ExPUFFIN: Thermodynamic Consistent Viscosity Prediction in an Extended Path-Unifying Feed-Forward Interfaced Network

TL;DR

ExPUFFIN is a hybrid GNN model that predicts liquid viscosity of hydrocarbons with thermodynamic consistency, improving accuracy and robustness over purely data-driven models by embedding physics-based inductive biases.

Contribution

This work introduces ExPUFFIN, a novel hybrid GNN framework that enforces thermodynamic consistency in viscosity predictions, addressing limitations of existing models.

Findings

Reduces RMSE by 37% compared to baseline

Provides smooth, physically consistent viscosity-temperature curves

Enhances transferability and robustness of predictions

Abstract

Accurate prediction of liquid viscosity is essential for process design and simulation, yet remains challenging for novel molecules. Conventional group-contribution models struggle with isomer discrimination, large molecules, and parameter availability, while purely data-driven graph neural networks (GNNs) demand large datasets and offer limited interpretability. Even when feasible to be applied, purely data-driven models lack thermodynamic consistency in their predictions and are not a reliable solution.
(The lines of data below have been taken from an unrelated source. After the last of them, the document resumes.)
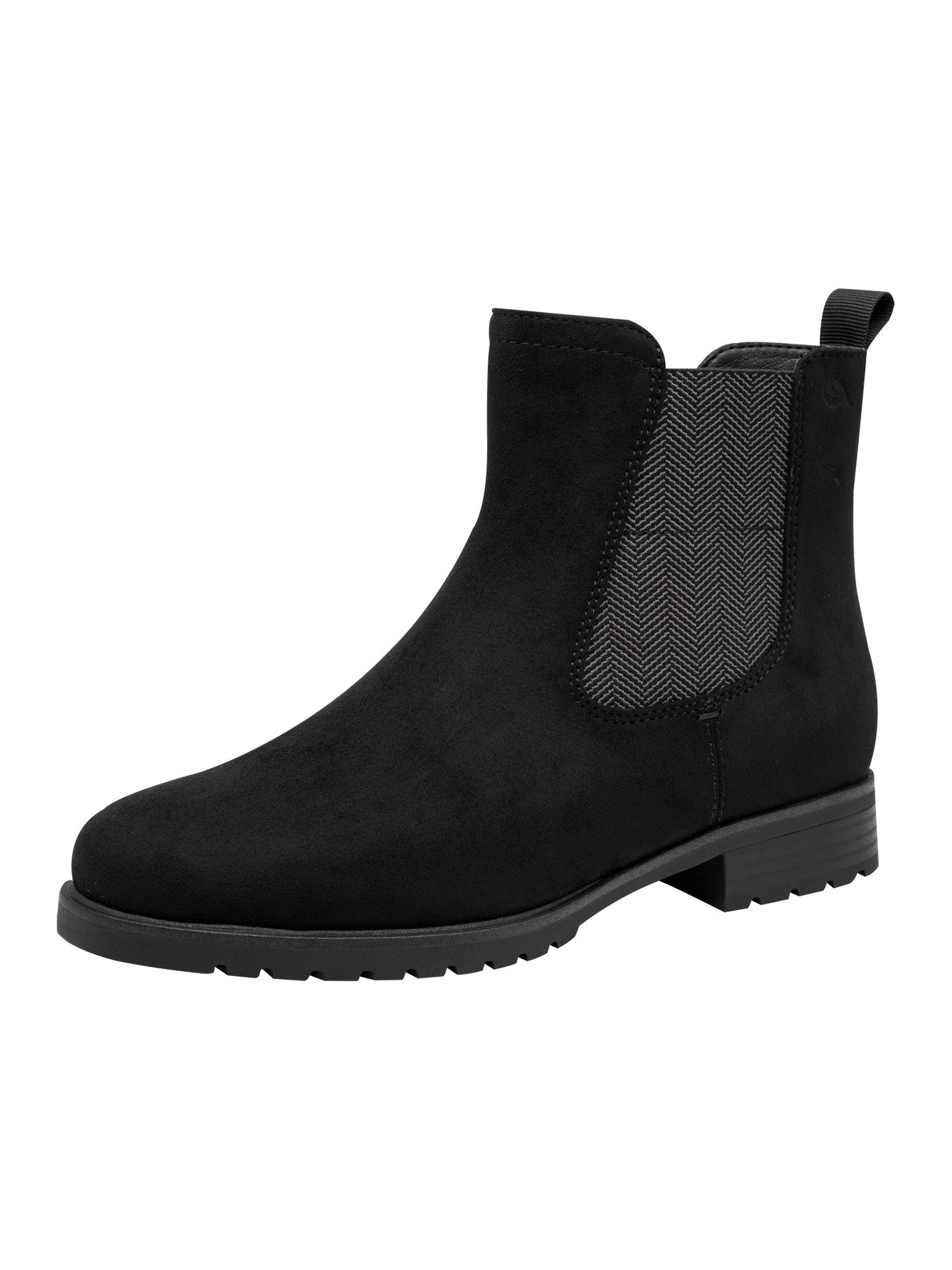 Jana Vegan spitz kein Absatz 8-25493-47 Chelseaboots Vegan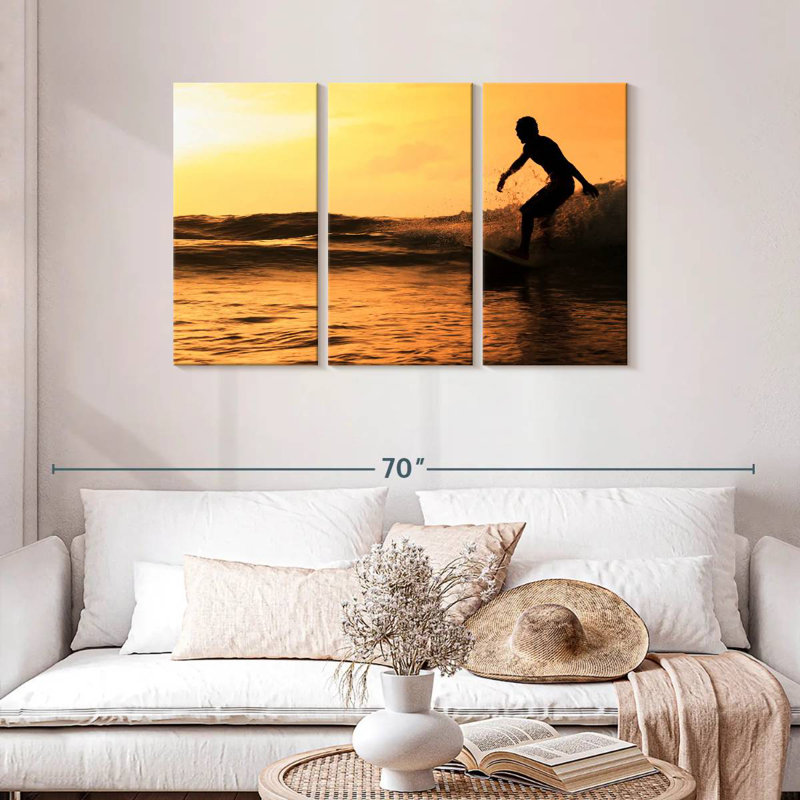 Senne Sundown Surfing, 28" H x 45" W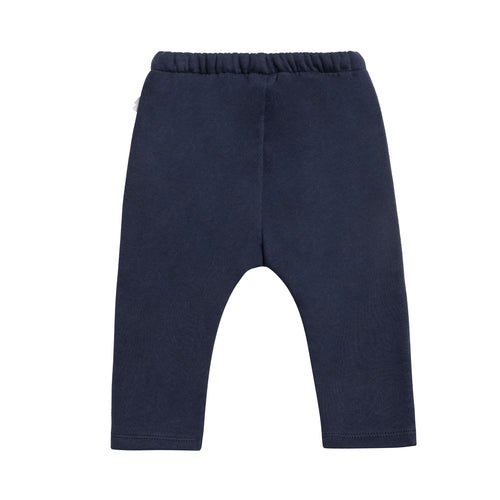 Sunshine & Cloud Knee Patch Harem Pant - Navy - 3-6 Months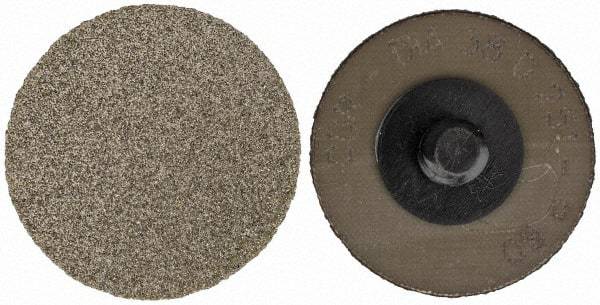 PFERD - 1-1/2" Disc Diam, 60 Grit, Diamond Quick Change Disc - Type R Attaching System, Coated, Brown, Coarse Grade, 12,500 RPM, D251 Series - Apex Tool & Supply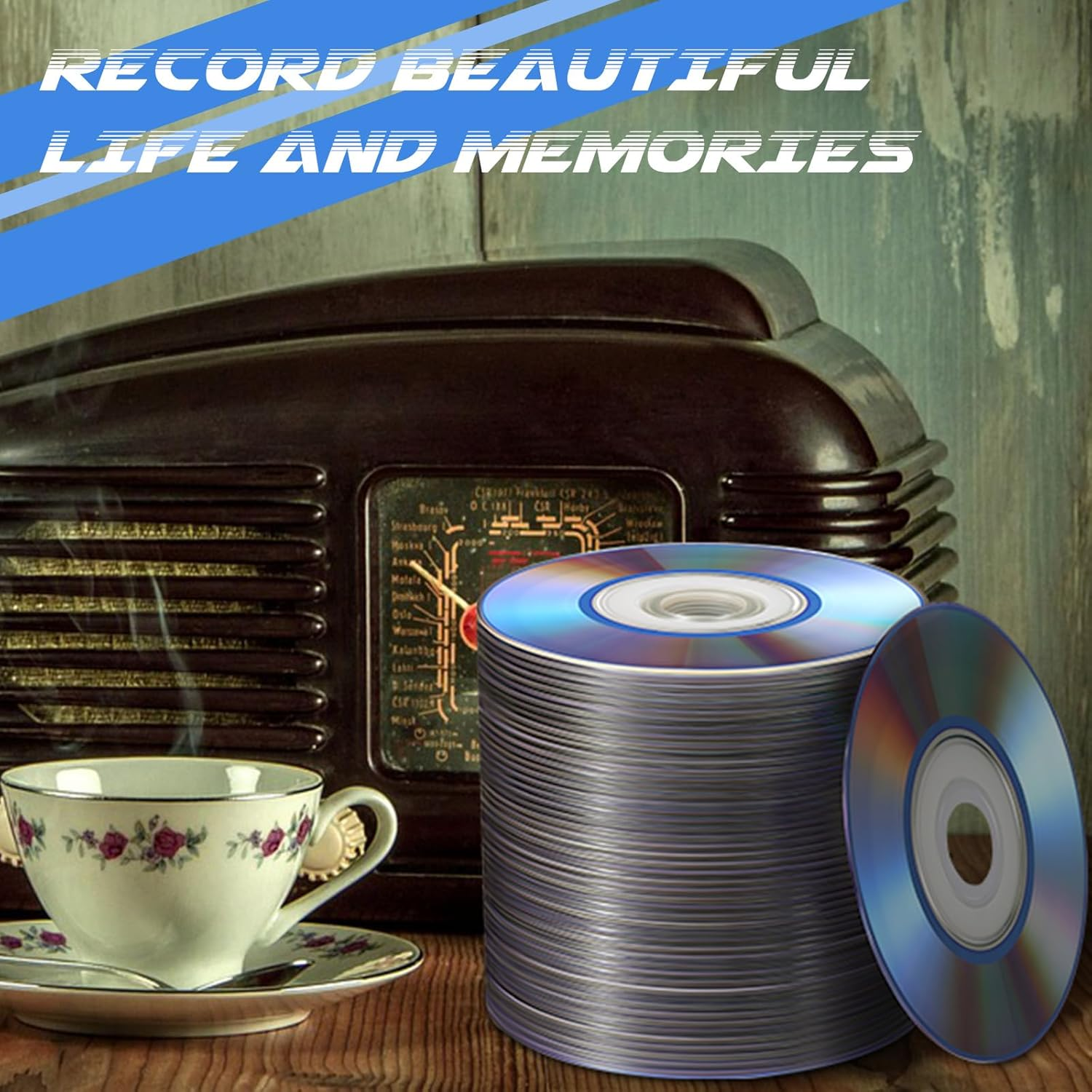 Copkim 50 Pieces 3 Inch Blank DVD-R Discs Disk 1.4 GB Recordable Media Disc 1-4 X Printable Mini DVD-R Blank Discs Media Disk for VCR Video Camera image number 2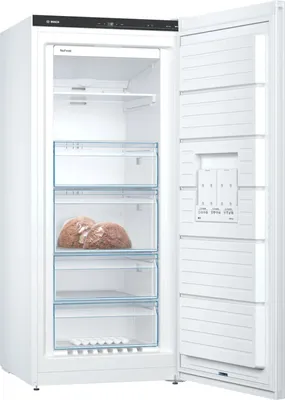 Produktbild von Bosch Gefrierschrank 290L NoFrost FreshSense Weiß Big-Box-Schublade GSN51DWDP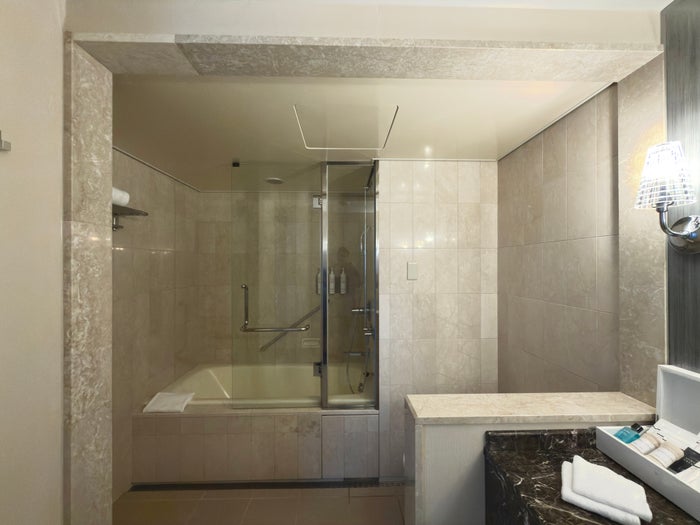 Tokyo Marriott Hotel shower area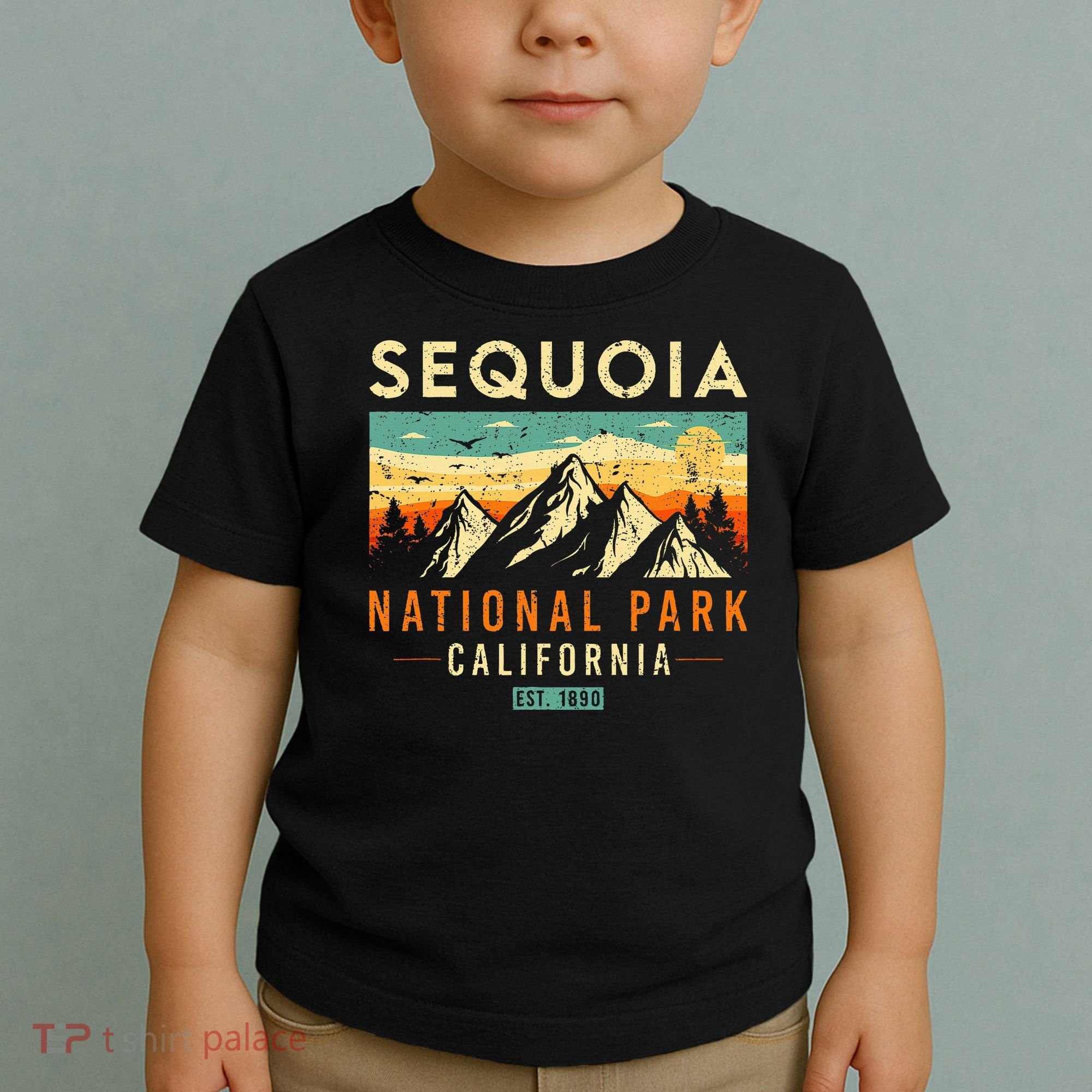 Sequoia Est. 1890 Retro California National Park Toddler T-Shirt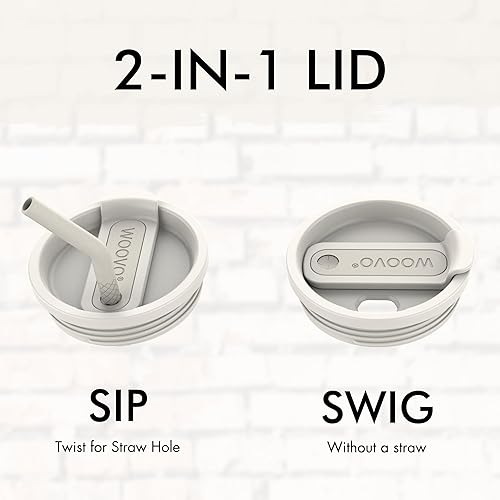 Miniatura 8 de Botella de agua de 40 onzas con popote y asa, taza de café aislada con tapa a prueba de salpicaduras, sin BPA, reutilizable, de doble pared, de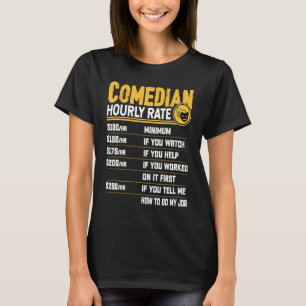 T-shirt Tarif horaire d'un comédien Comédien Comédie Diver
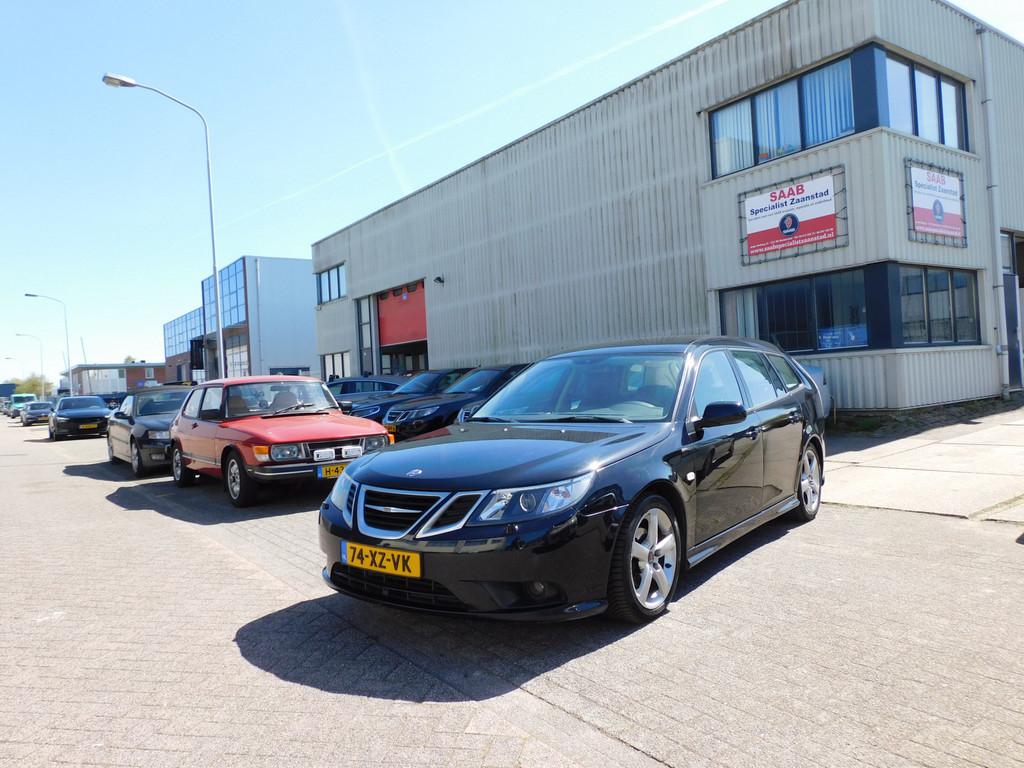 Saab 9-3 Sport Estate 1.8t Intro Edition (bj 2007), 1998 cc, Gebruikt, Zwart, 4 cilinders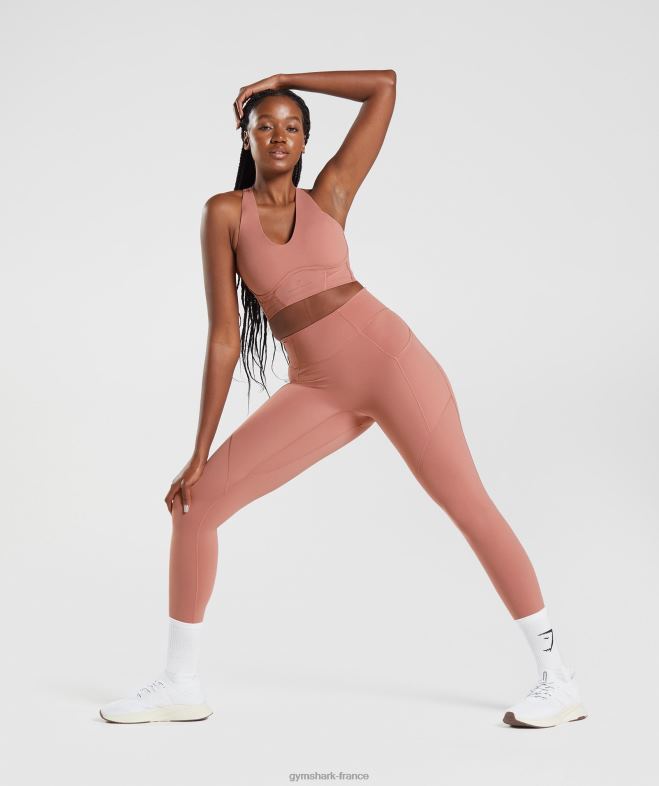 Gymshark soutien-gorge long Whitney rouge canyon femmes 6HF28201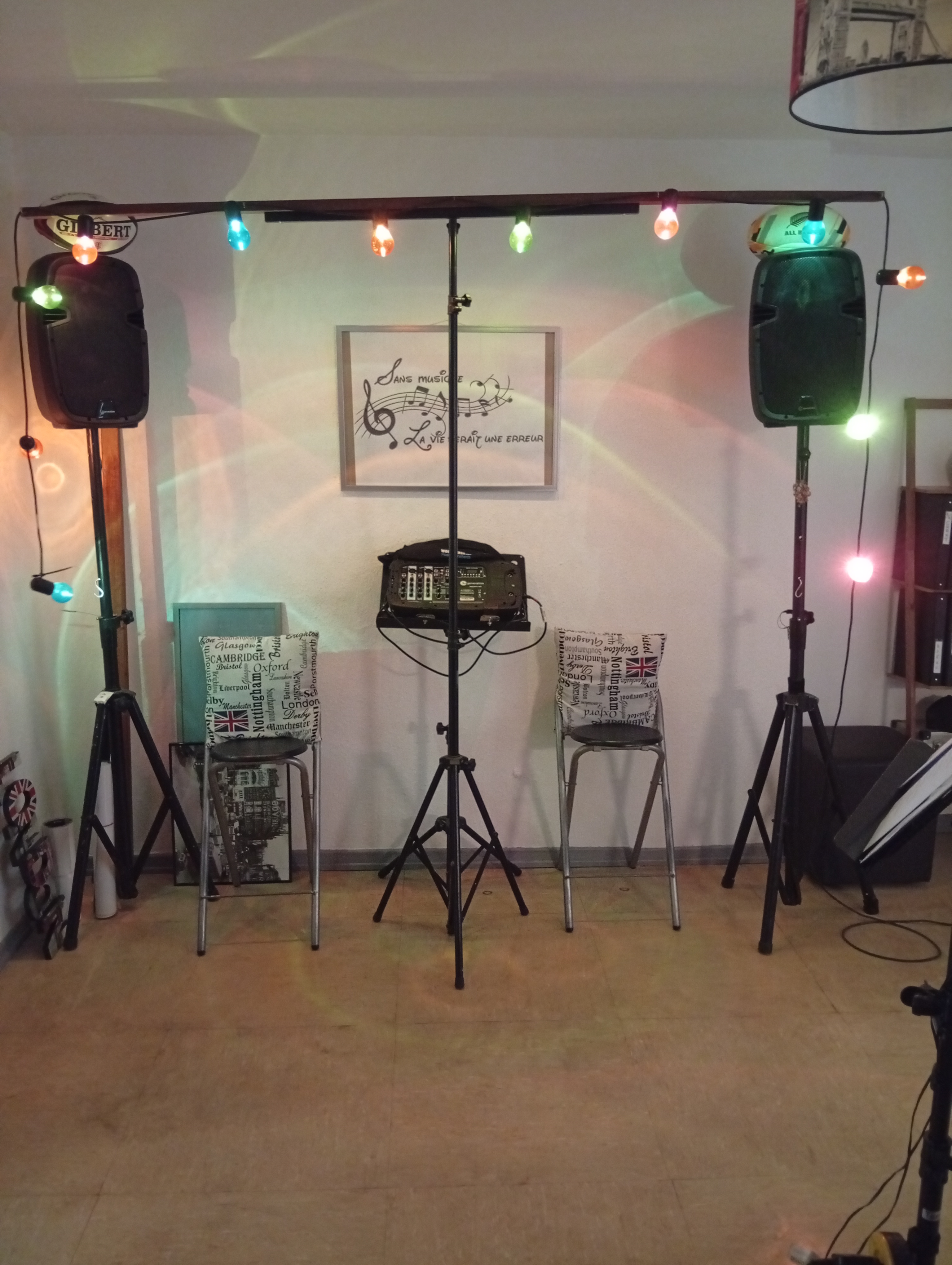 vend stand pour jeux lumieres et guirlande leds éclairage ambiance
This work introduces ExPUFFIN, an extended version of the Path-unifying Feed-Forward Interfaced Network, consisting of a hybrid GNN-based framework that directly predicts temperature-dependent viscosities of pure hydrocarbons from molecular graphs, while enforcing mechanistic inductive biases in the output layer to ensure thermodynamic consistency. Molecular information is given as graph structures, encoded as a graph convolutional network, and mapped to an inductive bias neuron based on two thermophysical correlations: a three-parameter Andrade-type equation and a four-parameter empirical viscosity-temperature relation. The accuracy of these models is compared with a solely data-driven prediction. The Andrade-based ExPUFFIN variant reduces RMSE compared to the purely data-driven baseline of 37 percent and yields smooth, physically consistent interpolation and extrapolation of viscosity-temperature curves, properties that are not observed in purely data-driven models. The empirical ExPUFFIN model provides comparable accuracy while retaining robust trends. Overall, embedding physics-based structure in GNN outputs improves accuracy, robustness, and transferability, enabling reliable viscosity predictions for complex hydrocarbon molecules. The approach is readily extendable to other properties and significantly broader chemical domains.